La préfecture du Bas-Rhin a diligenté une «enquête administrative», confiée à la direction régionale de l’environnement, de l’aménagement et du logement (Dreal), afin de déterminer les causes exactes des séismes. Un comité d’experts sera constitué pour conseiller la préfecture dans les «prises de décision concernant la géothermie» à l’avenir, puisque que d’autres projets sont à l’étude autour de Strasbourg. Il faut souhaiter qu’ils soient menés avec plus de circonspection.

Car la vallée du Rhin est très propice à la géothermie qui est nettement plus développée en Allemagne qu’en France. La géothermie reste une ressource sans doute essentielle pour la transition énergétique en Alsace. La fermeture controversée de la centrale nucléaire de Fessenheim a retiré à la région une source de production d’électricité bas carbone. Par ailleurs, le solaire n’est pas vraiment adapté à la météorologie locale et l’installation des éoliennes se heurte à une opposition toujours plus farouche des populations.

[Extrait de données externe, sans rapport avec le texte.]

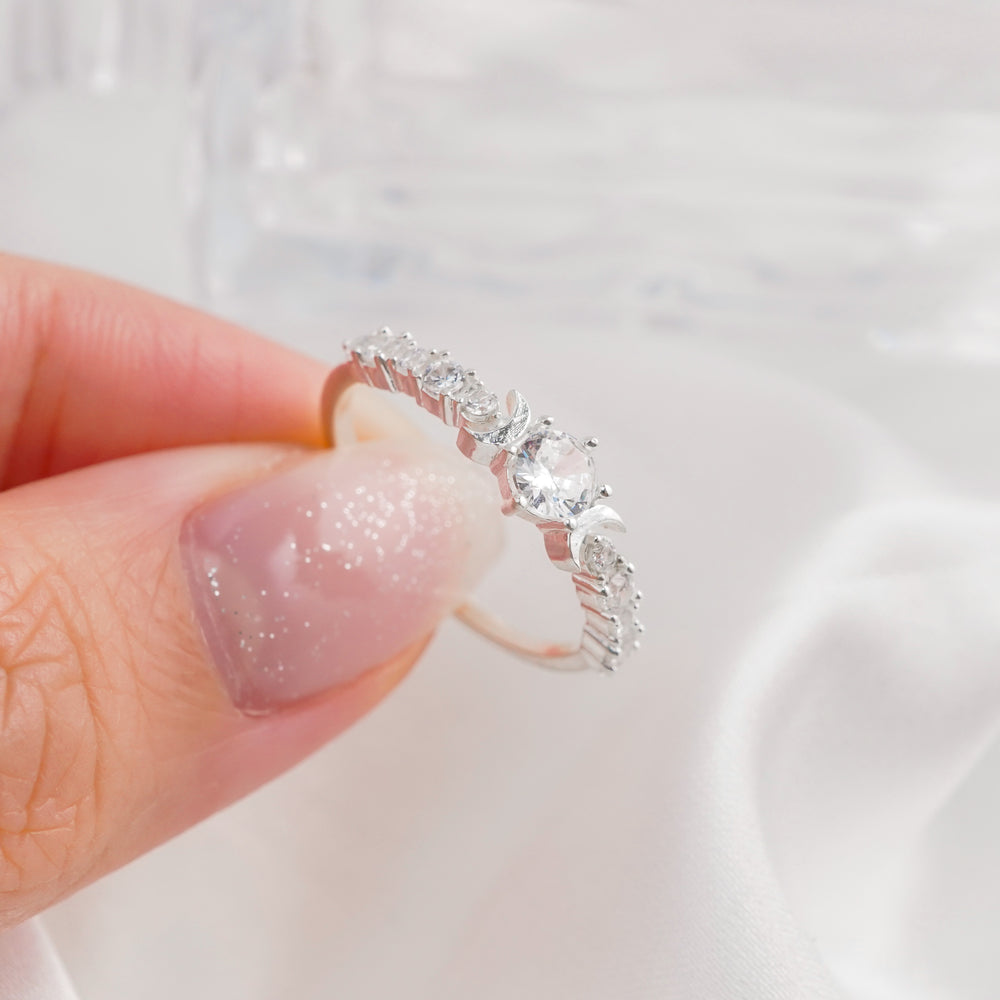 Delicate Light Luxury Ring - 8248SV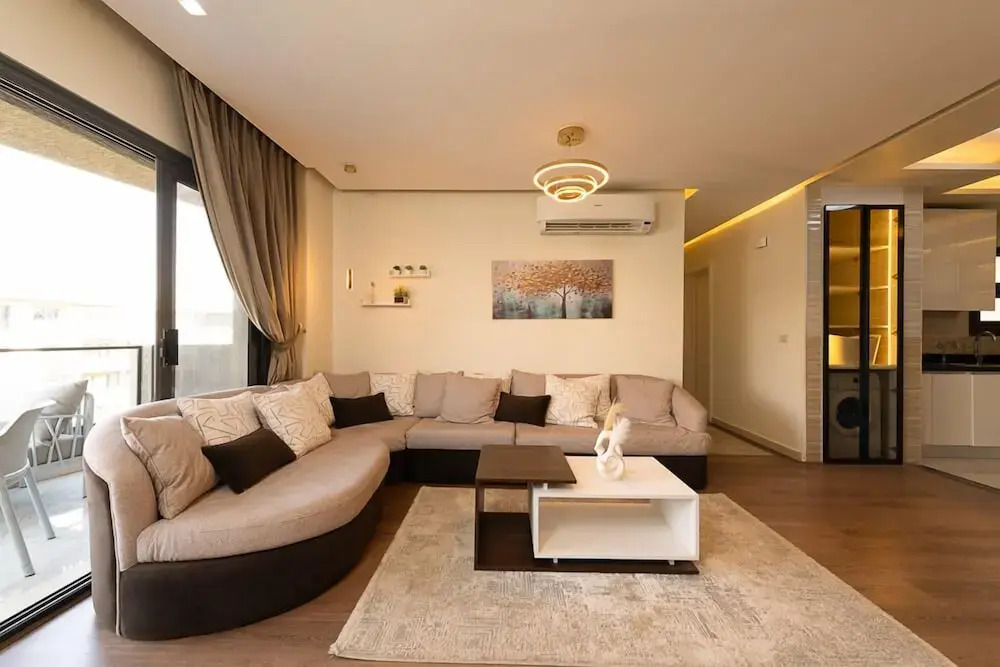 Madinaty Modern 3BR with Garden Views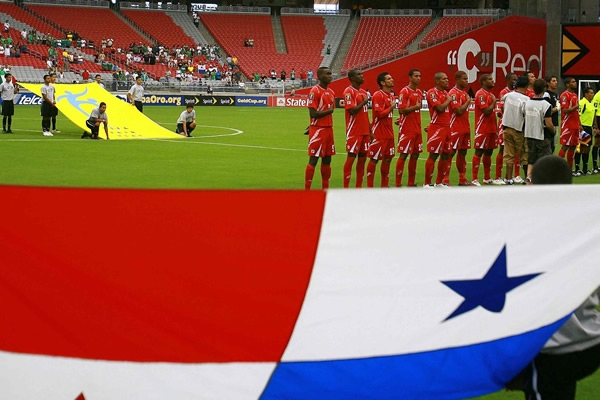 La bandera motiva a los panameños.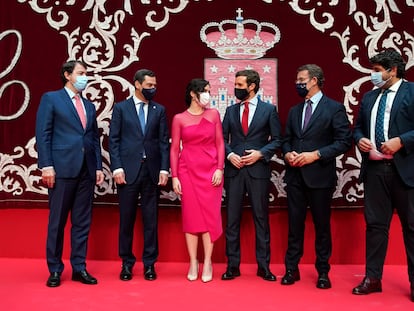 La presidenta de la Comunidad de Madrid, Isabel Díaz Ayuso (3i) junto con el presidente de Castilla y León, Alfonso Fernández Mañueco (i), el presidente de Andalucía, Juanma Moreno (2i) el presidente del PP, Pablo Casado (3d), el presidente de la Xunta, Alberto Núñez Feijóo (2d) y el presidente de Murcia, Fernando López Miras (d) posan tras la investidura de Ayuso celebrada en la Real Casa de Correos este sábado.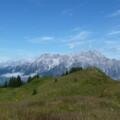Entlang des Kammes zurück zum Ausgangspunkt. Immer im Blick: Die Leoganger Steinberge mit dem Birnhorn (2634m)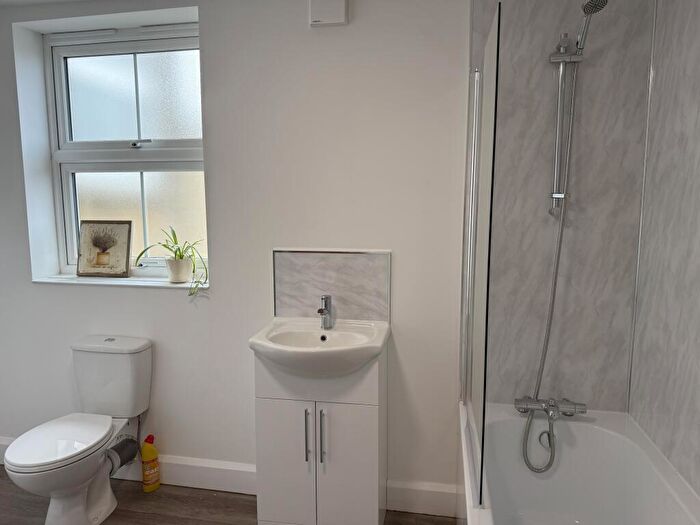 2 Bedroom Apartment To Rent In Crofts Place, Broadstairs, CT10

La géothermie profonde, qui n’est pas une énergie intermittente et est totalement locale, semble être une solution presque idéale. A condition de ne pas se précipiter comme semble l’avoir fait Fonroche.

Enfin, dernier atout non négligeable, les eaux récupérées dans le sous sol profond alsacien contiennent des quantités importantes de lithium tout à fait exploitable. Et le lithium est un métal indispensable à la transition énergétique et aux batteries lithium-ion qui alimentent notamment les véhicules électriques.